The YaLa Miracle

Nobantu Modise — By Nobantu from South Africa

From November 2nd to November 5th 2017, 70 participants and alumni from the Aileen Getty School of Citizen Journalism travelled to Jordan together to partake in a weekend of learning, dialogue, and fun. This is Nobantu’s experience: 

There was a wise king who lived a millennia ago and was revered the world over. Among his treasured written works was a particularly poignant reflection on life, in which he said that there is a time and a season for everything under the sun. A time to be born and a time to die. A time to plant and a time to reap a harvest.

I will be the first to admit that I have been fairly spoiled as far as my time for experiencing the miraculous is concerned. I was born in political exile to a family of anti-apartheid activists, thereby inheriting a very rich and unique legacy. A miracle of its own. I grew up in a democratising South Africa, making strides to forgive and reconcile, as opposed to degenerating into the brutal civil war the world anticipated. A total miracle. I had the great fortune of going to brilliant schools and accessing opportunities which my toasted caramel skin would never have accessed pre-1994. Miraculous. Nelson Mandela was my President…epic!

As it would be,  November 2- 5 was my time to experience an unforgettable miracle which stretched beyond my republic into the arms of a borderless, loving family known as YaLa Young Leaders.
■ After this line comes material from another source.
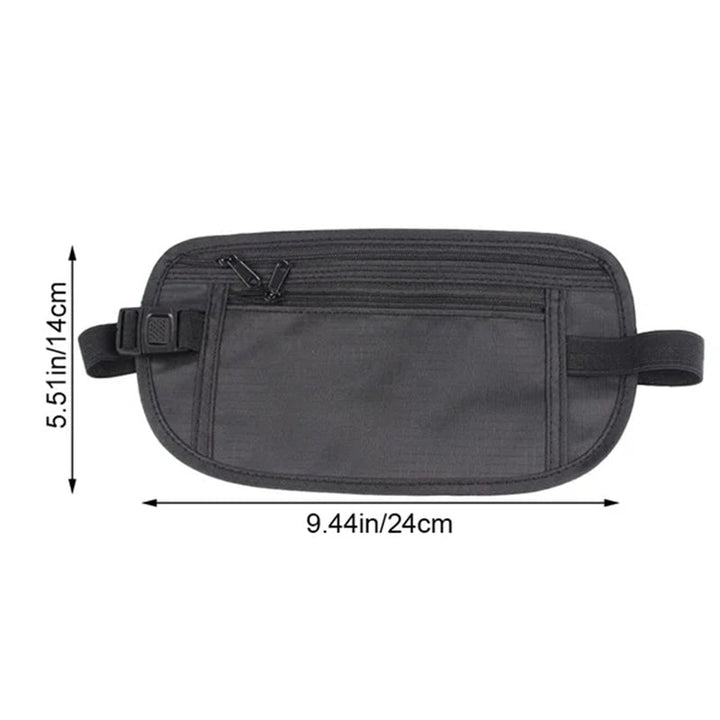 Skanto | Sport Hip Bag Justerbar med Glidelåslommer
Under a banner of progressive thinking, what the world would most likely deem an “unlikely set of fellows” converged into a well facilitated series of exchange and…well…fun! 70 bright young minds came from Israel, Palestine, Iraq, Kurdistan, Algeria, Morocco, Tunisia, Egypt, Sudan, South Africa, and Zimbabwe, to Amman, Jordan for Yala’s Alumni Citizen Journalism Conference. The program and set of lecturers were especially arranged to refine our skills in journalism, public speaking, writing and peace activism. More than anything, I wish we had an extra week, at the very least, to explore varying contentious issues related to peace building and peace activism, because it is a vast and delicate set of topics that cannot be rushed, whether approached from a Middle Eastern or African perspective.

Reflecting on my time in the Spring 2017 cohort, as well as in my time at this conference, I highly appreciate that YaLa has restructured, coloured, and animated a poorly cast image of a very special region. All I was exposed to before was the calculated assertions of academia and the impersonal generalizations of mainstream media. Now I have had the honour of being exposed to sets of narratives that few have done justice to. Having met my peers and counterparts, I see no difference between us. Whether South African or Middle Eastern, we have our set of introverts and extroverts. We are dancers, philosophers, mathematicians, business people, and the hilarious one or two who just shaved off 10 years from their biological age. *Wink* But ultimately, we are just people. People willing to care. People willing to do. People willing to navigate our way through landmines of trauma, religious sensitivities, and…well…you have to apply for the programme to find out the rest.

As fulfilling as it is to simply bask in the beauty of this miracle known as YaLa, and its network of astute young leaders, I cannot help but ask, “What are the odds?”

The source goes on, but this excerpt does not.